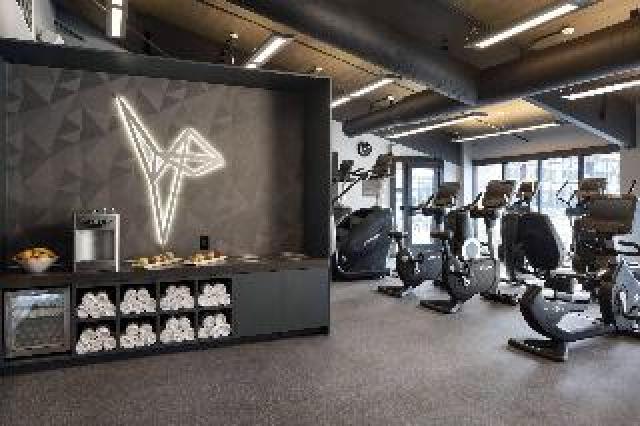 Desportos y Entretenimento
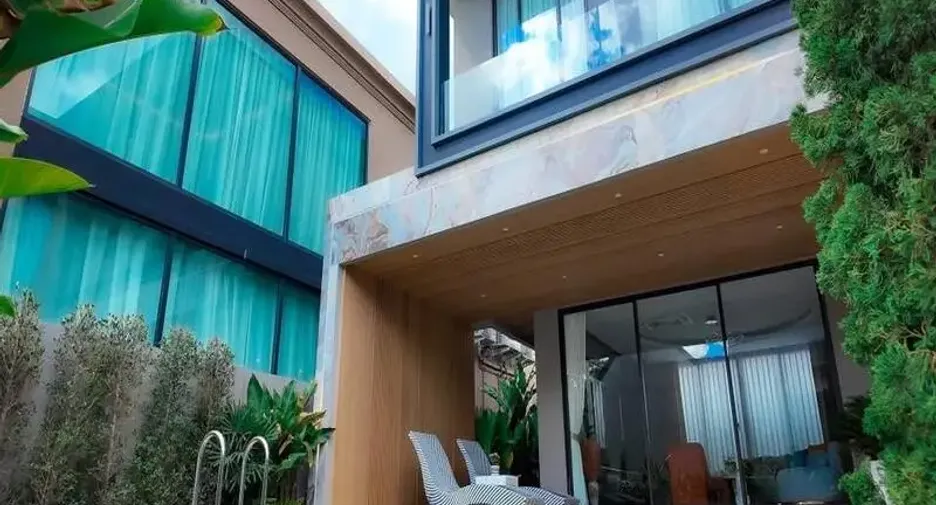 Haus zum Kauf mit 5 Zimmer in East Pattaya, Pattaya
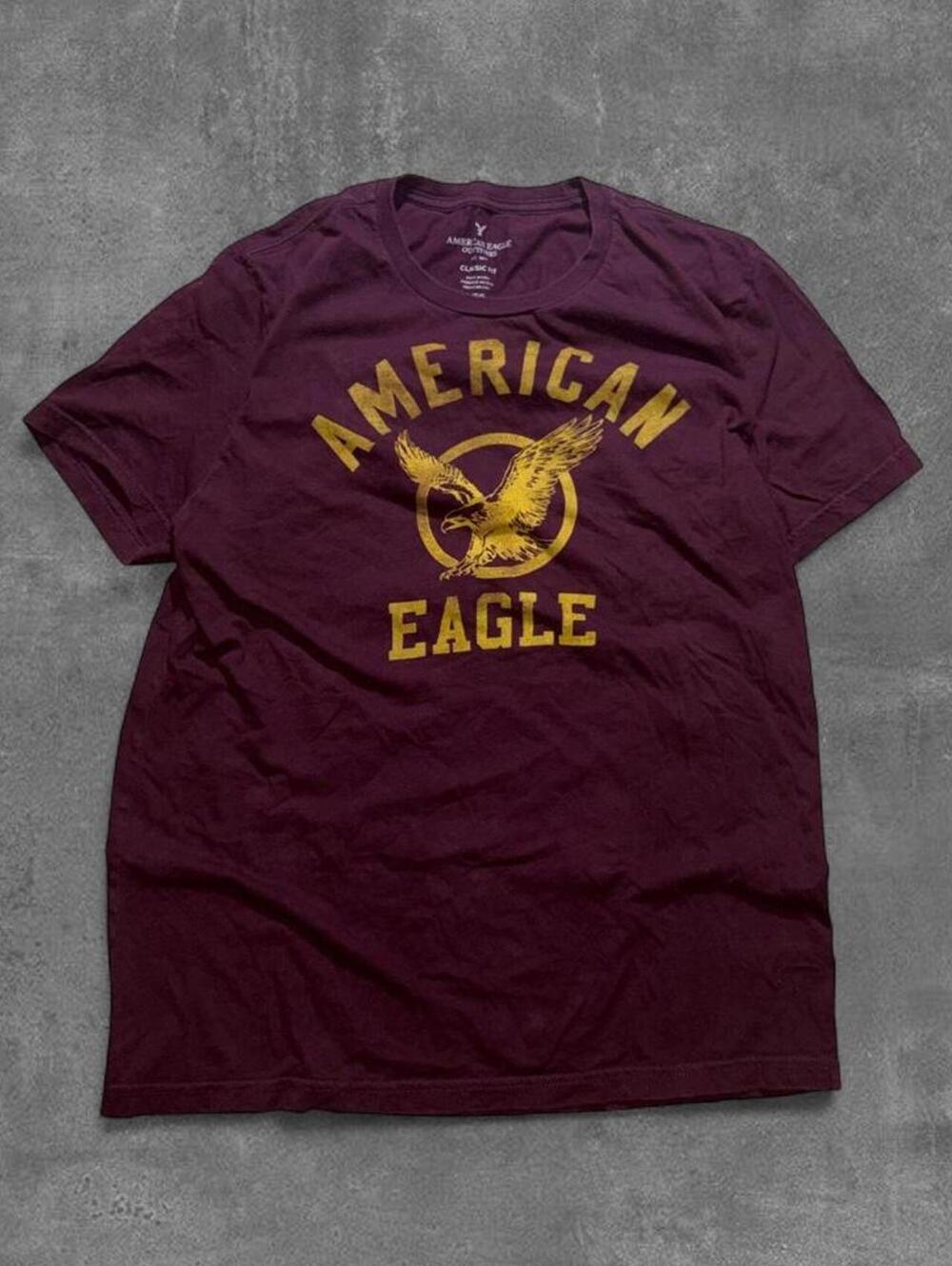American Eagle Outfitters Eagle Graphic Burgundy T Shirt Men’s Large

### Exercise details
All lines of the material above should be returned unchanged, but no pictures should be included.

### Task response
 Desportos y Entretenimento
 Haus zum Kauf mit 5 Zimmer in East Pattaya, Pattaya
American Eagle Outfitters Eagle Graphic Burgundy T Shirt Men’s Large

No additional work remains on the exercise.